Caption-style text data
BEGIN

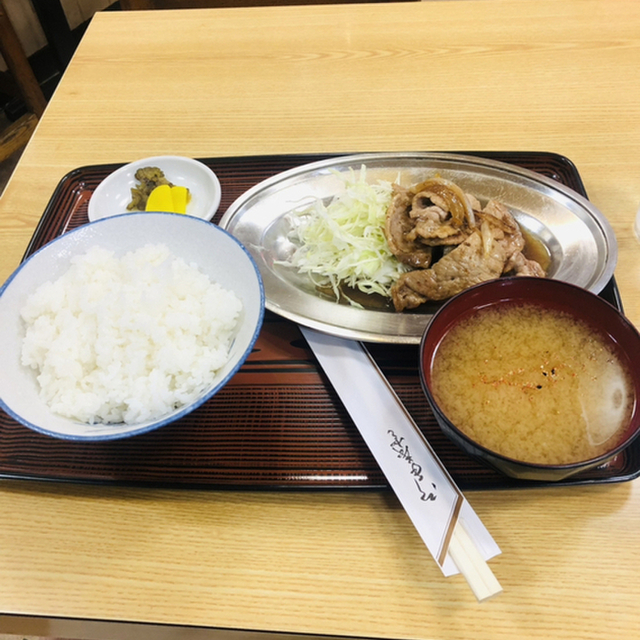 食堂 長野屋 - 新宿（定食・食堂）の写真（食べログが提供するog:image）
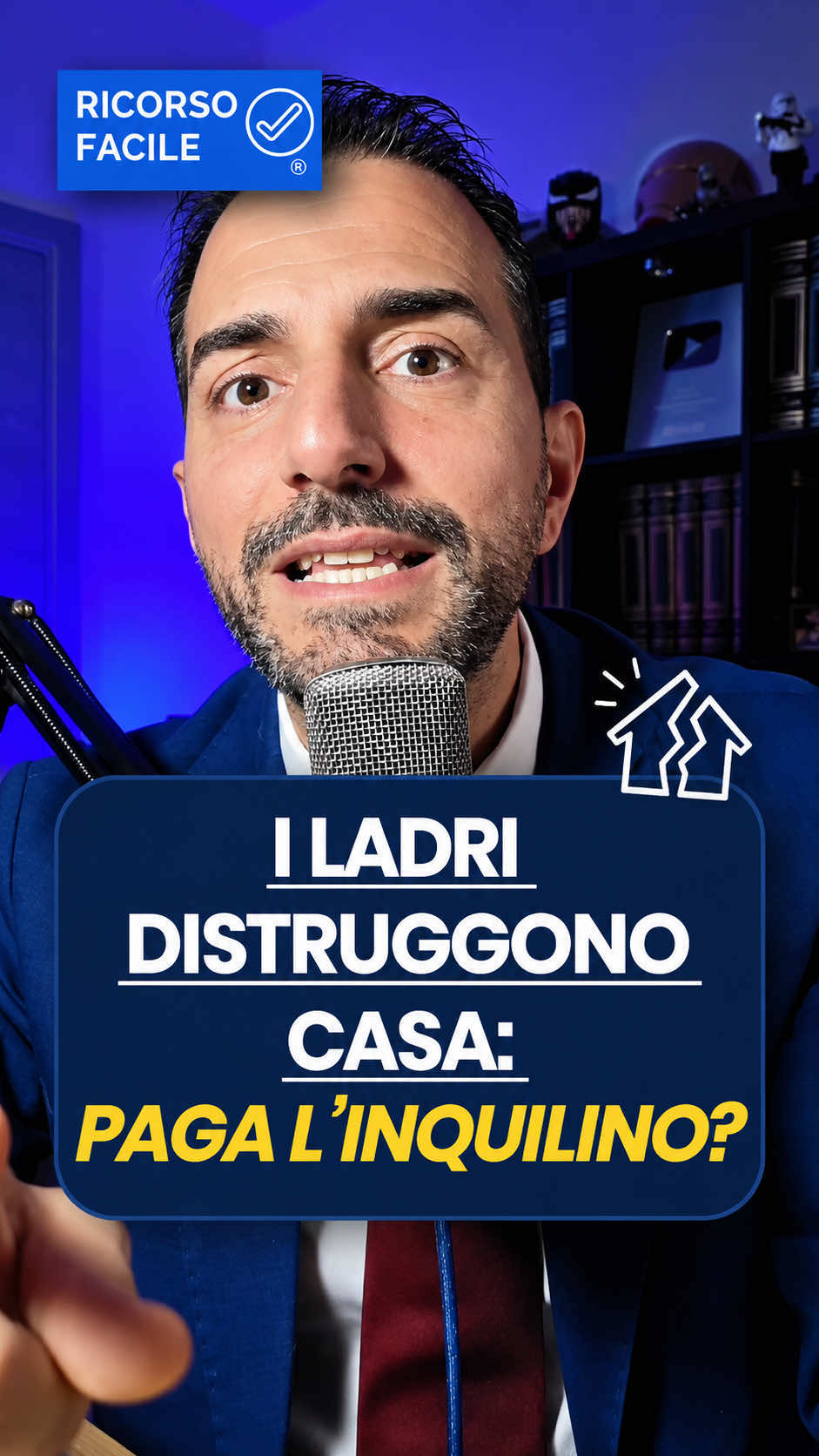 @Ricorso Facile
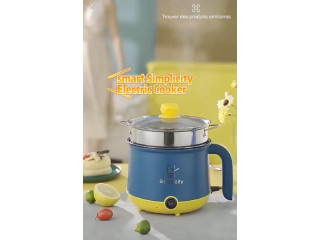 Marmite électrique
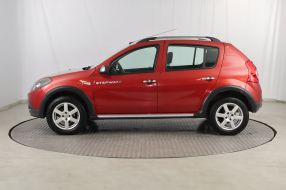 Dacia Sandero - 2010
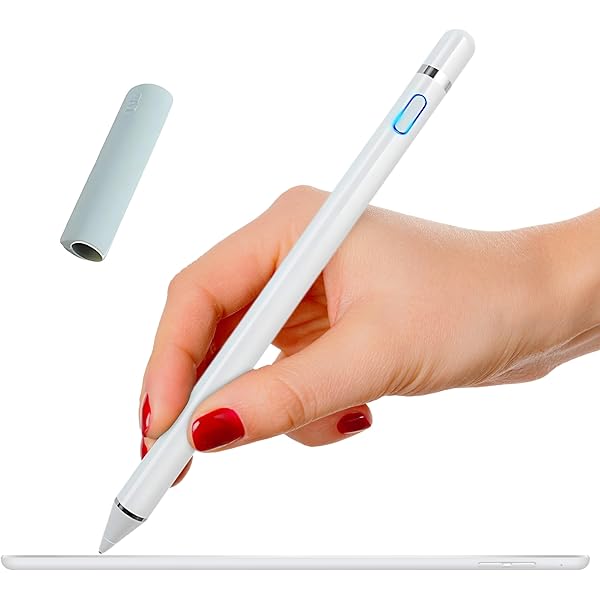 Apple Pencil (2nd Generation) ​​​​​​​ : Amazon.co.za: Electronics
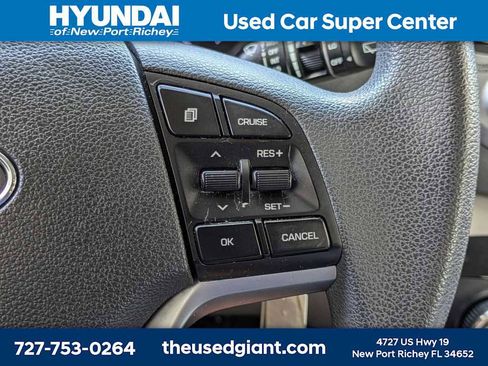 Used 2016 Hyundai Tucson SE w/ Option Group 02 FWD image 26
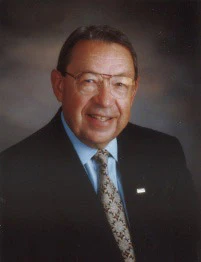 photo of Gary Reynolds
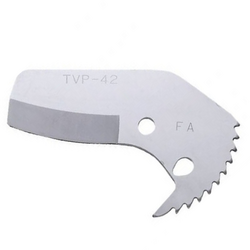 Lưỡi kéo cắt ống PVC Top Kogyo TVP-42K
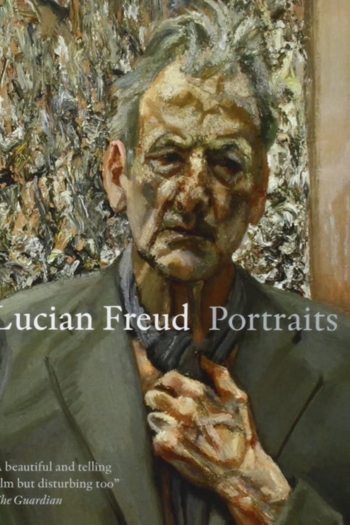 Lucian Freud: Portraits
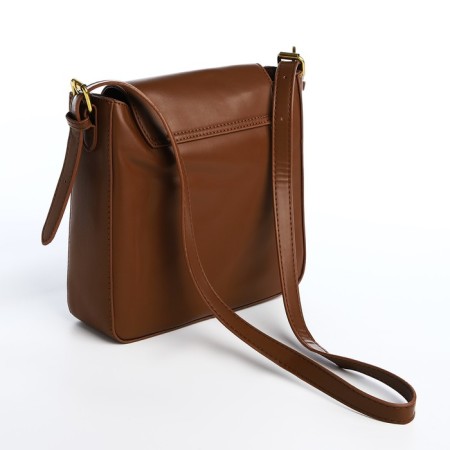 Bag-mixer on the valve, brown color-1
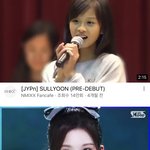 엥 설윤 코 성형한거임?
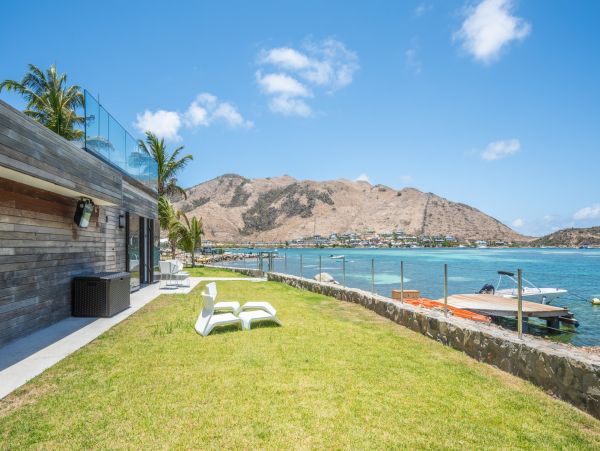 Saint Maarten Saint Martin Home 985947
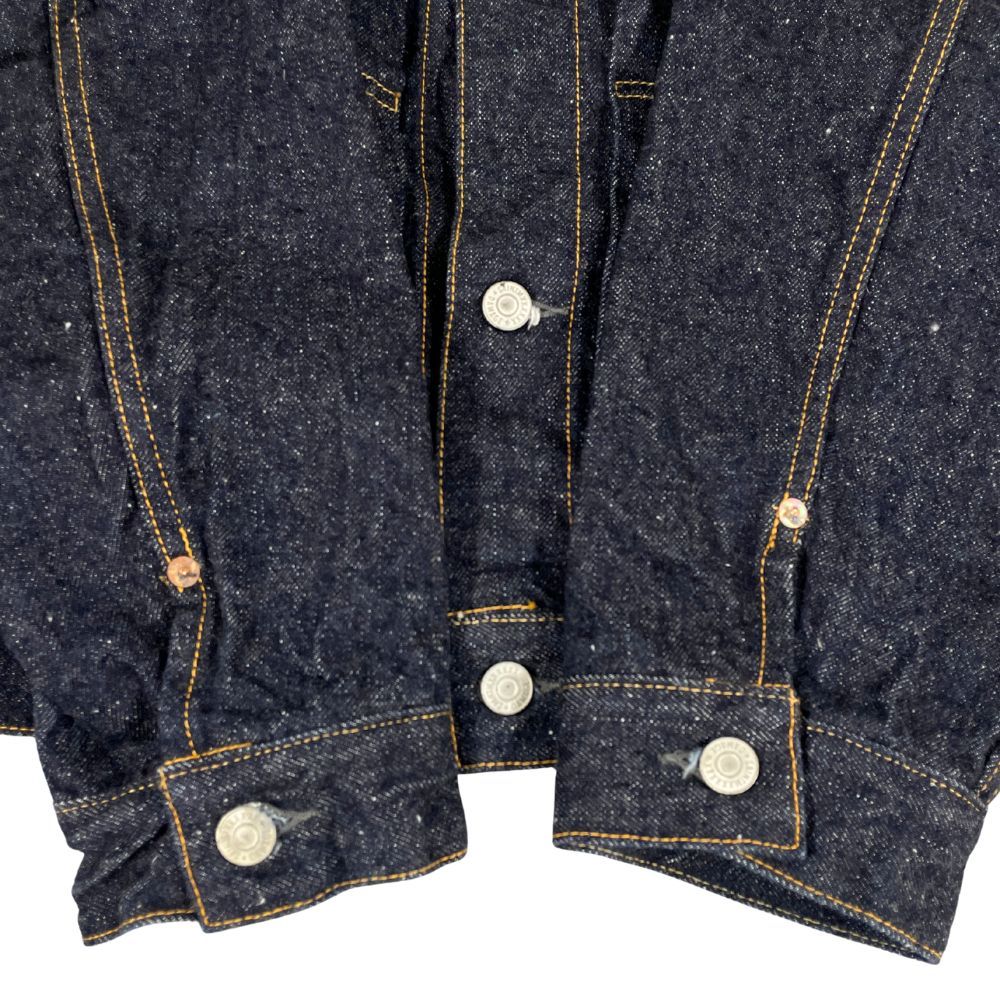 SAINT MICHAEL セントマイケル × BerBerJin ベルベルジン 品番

END

_TASK BRIEF_:
Please retype, exactly and with the pictures left out, the lines from the line containing "Lucian Freud: Portraits" through the last line of the records above.

_OUTPUT FOR THIS TASK_:
 Lucian Freud: Portraits
 Bag-mixer on the valve, brown color-1
 엥 설윤 코 성형한거임?
 Saint Maarten Saint Martin Home 985947
 SAINT MICHAEL セントマイケル × BerBerJin ベルベルジン 品番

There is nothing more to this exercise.